I was too afraid to ask him what he would do if the test came back positive. The idea of bringing a child into the world carried scary thoughts: the loss of a freedom I had treasured for so long, trying to explain my relationship with Terrance to my family, and raising a child without a house or car and lingering student debt. But even scarier was that I was more than a little willing to entertain those thoughts.

Terrance and I both had good jobs and little financial responsibilities, I rationalised. Yes, we did not know each other that well, but we hardly fought – well, mostly because he hated confrontation. In my mind, we could be the kind of parents that got along as friends — even if not as lifelong lovers. Wasn’t it time we challenged ‘the perfect family form?’

“Plus twenty-seven is a perfectly acceptable age to be a mother,” I thought to myself.

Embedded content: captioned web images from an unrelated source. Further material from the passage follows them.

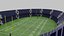 American Football Stadium 3D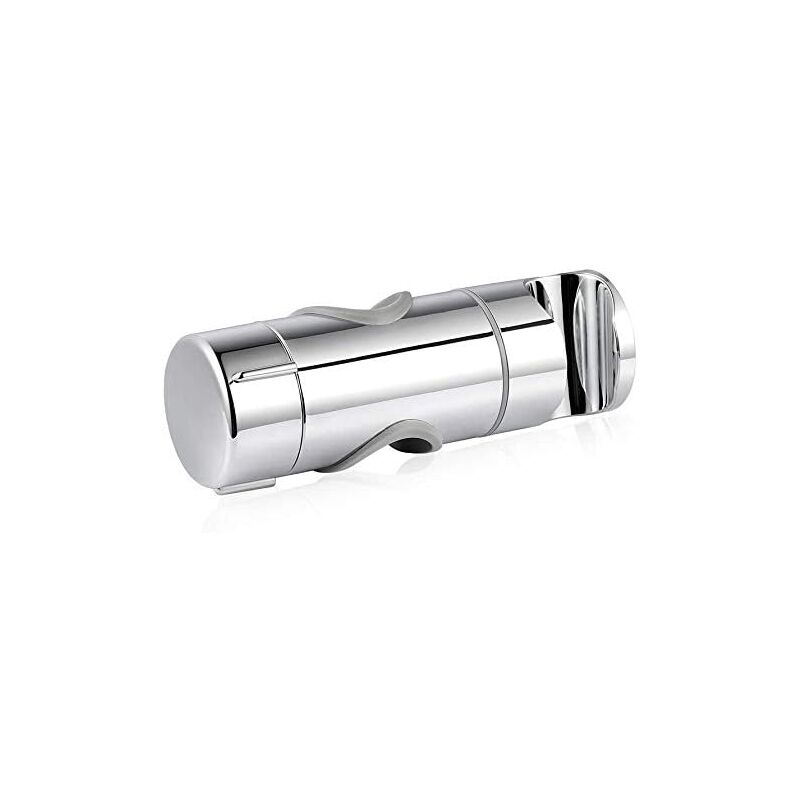 foto del prodotto langray supporto per soffione doccia sostituibile, diametro regolabile 19 25 mm, abs cromato nuovo design aggiornato 2019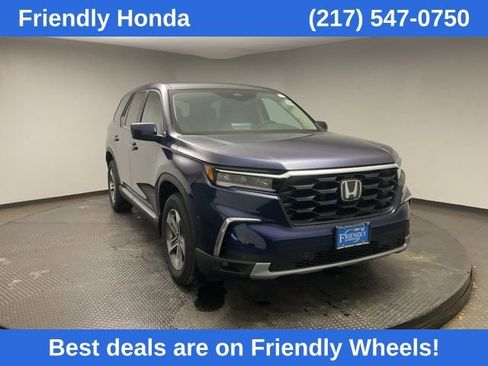 New 2025 Honda Pilot EX-L image 1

I sat in the dark and thought of the last time I thought I was pregnant. I was 21 and in love with poison. Venom consumed me until my breasts were swelling, head was dizzy and I could not bear the smell of fried chicken.  My family doctor encouraged me to call on the strength of Mary to get through “this trying time” and to see all life as a blessing from God. I couldn’t. I shouldn’t. I won’t.

I didn’t.

My cousin held my hand in the waiting room as we sat in the small clinic I had been referred to. I ran into an old classmate by the receptionist’s desk. I wondered if we were there for the same reason.

The doctor barely looked at me as he explained what was going to happen to me and the alien eating me alive from within. I turned my head to the right as he injected a vein in my left hand.

I remember a grey steel garbage can.

I remember red.

I remember the blues.

I remember everything and nothing.

I know everything and nothing.

Now I was not scared. Now I had a job. Now I had travelled and tried things and seen things and known love and rejected it. Why not now?

“Fortunately or unfortunately, you are not pregnant,” the nurse informed me, placing her hand on mine.

“Oh, well.”

“I am thinking your cycle is going through some kind of change, which is normal. If your period doesn’t come in two weeks, come back to see us and you will take another test.”

I left the clinic with a mind of muddled emotions. I quickly called Terrence, who no doubt was having trouble focussing at work.

“Not pregnant,” I said when he picked up the phone.

He was relieved, and I guess I should have been too. As harrowing as our scare was, we continued to play with fire. Perhaps there was a part of me hoping to get burned.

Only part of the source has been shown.